EXERCISE PROMPT: In the records below, find the line with "A quantity of", then retype it and every following line exactly, stopping after the line with "Sand and gravel separator and bucket loader". Leave the pictures out.

━━━

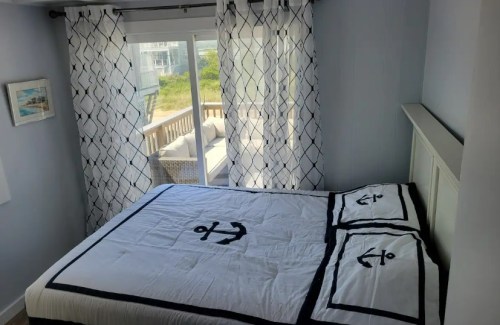 A cozy bedroom featuring a bed with anchor-patterned bedding and sheer curtains, overlooking a sunny outdoor area.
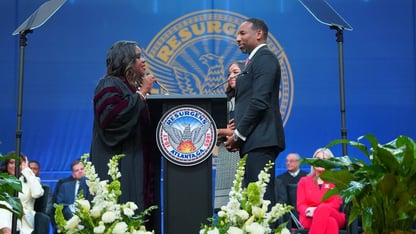 A woman and a man stand facing each other at a podium against a blue background for a ceremony.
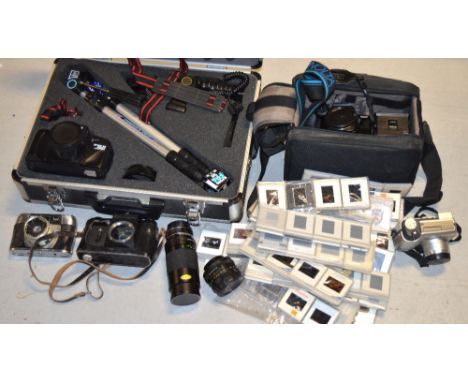 A quantity of cameras, lenses and camcorders to include a Tamashi camera with a 15mm colour lens presented in a hard case wit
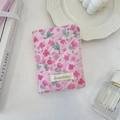 Pink quilted fabric passport holder with tulip pattern shown in a lifestyle desk setting - Pink Tulip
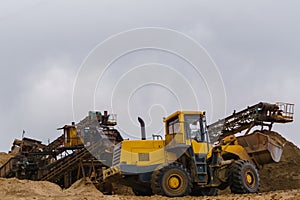 Sand and gravel separator and bucket loader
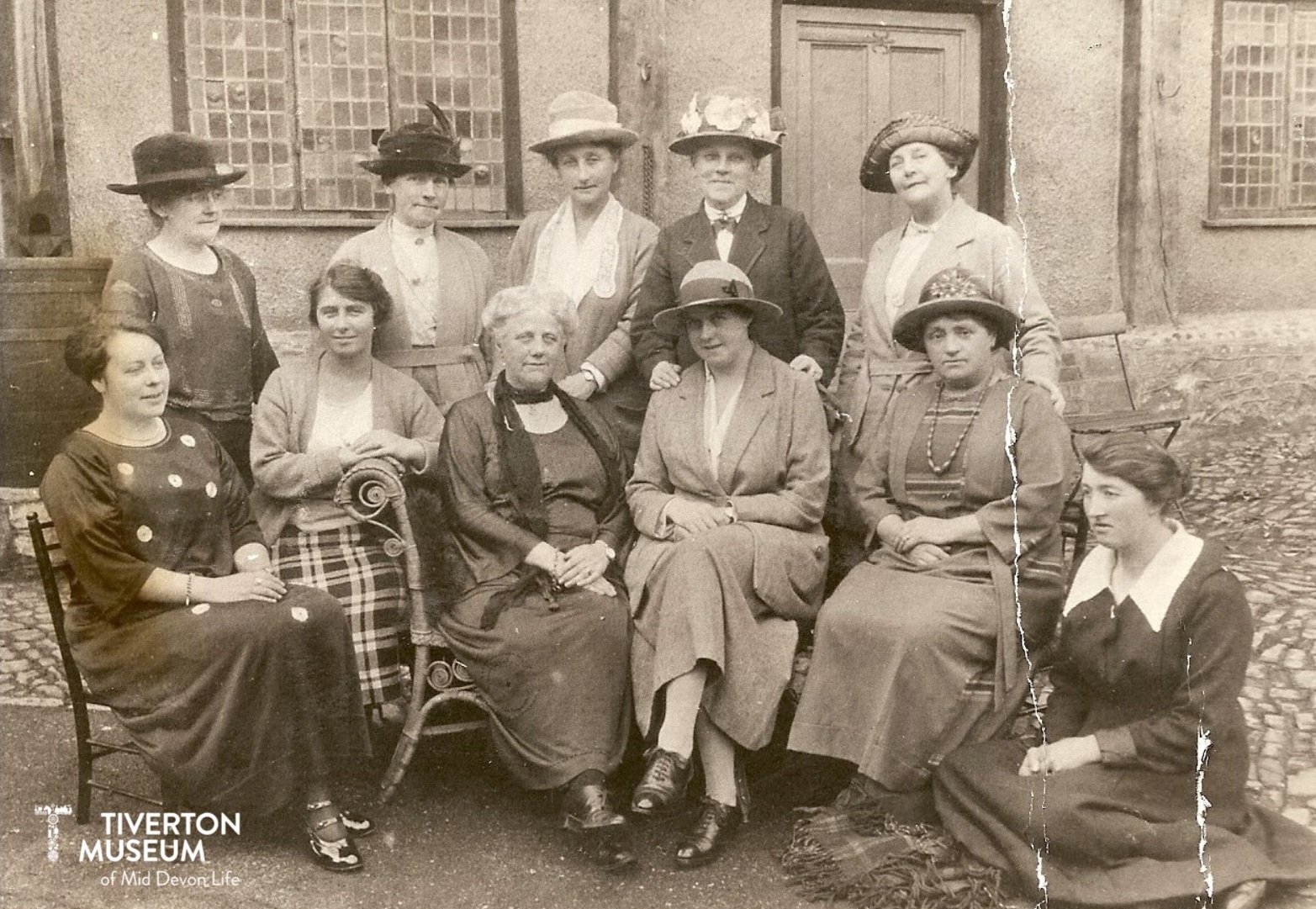 A black and white photo showing 6 seated women with 5 women standing behind them, in front of a building. The women are dressed in Edwardian fashion with loose, flowing clothing (dresses and skirts). Several of the women are wearing hats. The women look relaxed and most are smiling.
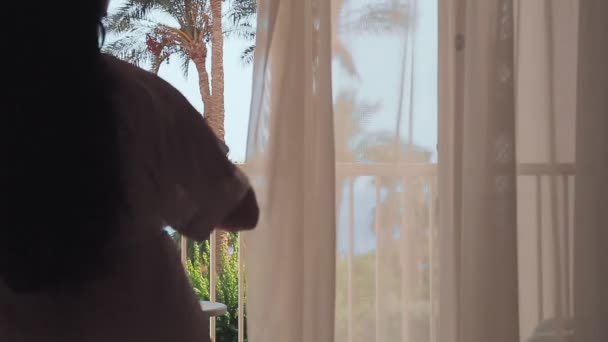 En brunett kvinna på morgonen öppnar gardinerna och går ut till balkongen med utsikt över havet. Skjuta bakifrån — Stockvideo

━━━

SOLUTION TO THIS PROBLEM:
 A quantity of cameras, lenses and camcorders to include a Tamashi camera with a 15mm colour lens presented in a hard case wit
 Pink quilted fabric passport holder with tulip pattern shown in a lifestyle desk setting - Pink Tulip
 Sand and gravel separator and bucket loader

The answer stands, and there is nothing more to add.